By Andrea Shalal
WASHINGTON (Reuters) – U.S. President Joe Biden on Tuesday underscored his determination to address concerns about policing, prisons and massive economic disparities faced by Black Americans, saying every agency of his government was focused on those challenges.
Biden, speaking at the start of a meeting with the Congressional Black Caucus, referred to what he called the “God- awful shooting” of a 20-year-old Black man in Minnesota by a police officer just miles away from where the trial of Derek Chauvin, the former white Minneapolis police officer charged with murdering George Floyd, is taking place.
“We’re in the business – all of us meeting today – to deliver some real change,” Biden said, adding that every part of his government and every agency was focused on improved equity.
“We have an awful lot of things that we have to deal with… when it comes to police, when it comes to massive inequality of economic opportunity,” the Democratic president said before the meeting.
Biden said Black lawmakers had already helped secure significant change by helping pass his $1.9 trillion coronavirus rescue plan, which will reduce child poverty and poverty in the Black community through a child tax credit and other measures.

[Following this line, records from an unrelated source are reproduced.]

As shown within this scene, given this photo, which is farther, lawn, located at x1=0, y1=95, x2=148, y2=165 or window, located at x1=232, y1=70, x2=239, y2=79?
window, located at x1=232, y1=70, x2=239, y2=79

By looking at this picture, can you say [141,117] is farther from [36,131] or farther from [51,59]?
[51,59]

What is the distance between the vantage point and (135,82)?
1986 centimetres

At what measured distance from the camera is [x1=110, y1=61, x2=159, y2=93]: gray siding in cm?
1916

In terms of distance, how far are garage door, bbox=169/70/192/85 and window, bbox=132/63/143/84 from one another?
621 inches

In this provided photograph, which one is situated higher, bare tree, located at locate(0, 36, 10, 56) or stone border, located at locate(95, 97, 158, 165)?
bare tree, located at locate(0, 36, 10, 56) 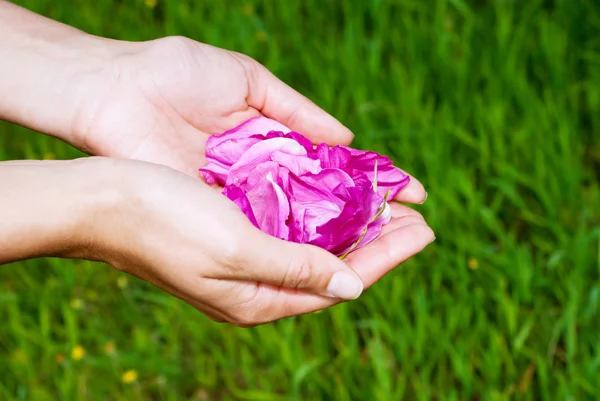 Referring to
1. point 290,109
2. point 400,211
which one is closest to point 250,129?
point 290,109

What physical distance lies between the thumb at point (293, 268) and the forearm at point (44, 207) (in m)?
0.25

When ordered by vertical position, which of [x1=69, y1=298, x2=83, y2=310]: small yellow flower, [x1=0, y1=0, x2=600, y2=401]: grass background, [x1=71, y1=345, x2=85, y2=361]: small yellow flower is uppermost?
[x1=0, y1=0, x2=600, y2=401]: grass background

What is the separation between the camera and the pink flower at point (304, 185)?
1252 millimetres

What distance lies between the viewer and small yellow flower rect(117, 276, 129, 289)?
1913 mm

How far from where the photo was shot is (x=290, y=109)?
1541 millimetres

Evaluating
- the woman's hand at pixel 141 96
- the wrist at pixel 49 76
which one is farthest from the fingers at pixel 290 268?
the wrist at pixel 49 76

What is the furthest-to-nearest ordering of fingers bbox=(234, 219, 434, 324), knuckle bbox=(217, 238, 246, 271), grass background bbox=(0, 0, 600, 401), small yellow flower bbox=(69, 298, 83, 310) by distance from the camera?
small yellow flower bbox=(69, 298, 83, 310), grass background bbox=(0, 0, 600, 401), fingers bbox=(234, 219, 434, 324), knuckle bbox=(217, 238, 246, 271)

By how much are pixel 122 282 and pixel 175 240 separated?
850mm

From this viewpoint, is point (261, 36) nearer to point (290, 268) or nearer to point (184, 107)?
point (184, 107)

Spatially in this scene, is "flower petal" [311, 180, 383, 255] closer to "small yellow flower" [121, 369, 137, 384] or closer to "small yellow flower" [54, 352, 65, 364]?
"small yellow flower" [121, 369, 137, 384]

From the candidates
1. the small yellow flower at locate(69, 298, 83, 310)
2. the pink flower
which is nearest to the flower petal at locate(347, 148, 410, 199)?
the pink flower

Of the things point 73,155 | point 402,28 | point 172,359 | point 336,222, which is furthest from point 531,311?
point 73,155

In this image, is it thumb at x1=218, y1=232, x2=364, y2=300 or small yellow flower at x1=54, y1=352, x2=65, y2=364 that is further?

Asked what he could deliver on his promises to African-Americans to change how they interact with police, Biden said, “A lot,” but gave no details.
Biden on Monday underscored the need for accountability through a full investigation of Sunday’s shooting by a police officer of Daunte Wright in Brooklyn Center, Minnesota, but also warned against looting or acts of violence by angry crowds.
The city’s police chief and the officer who fatally shot Wright after a traffic stop both resigned on Tuesday after two nights of protests in the city of 30,000.
White House Press Secretary Jen Psaki on Tuesday said Biden would keep pushing to enact overdue reforms of policing.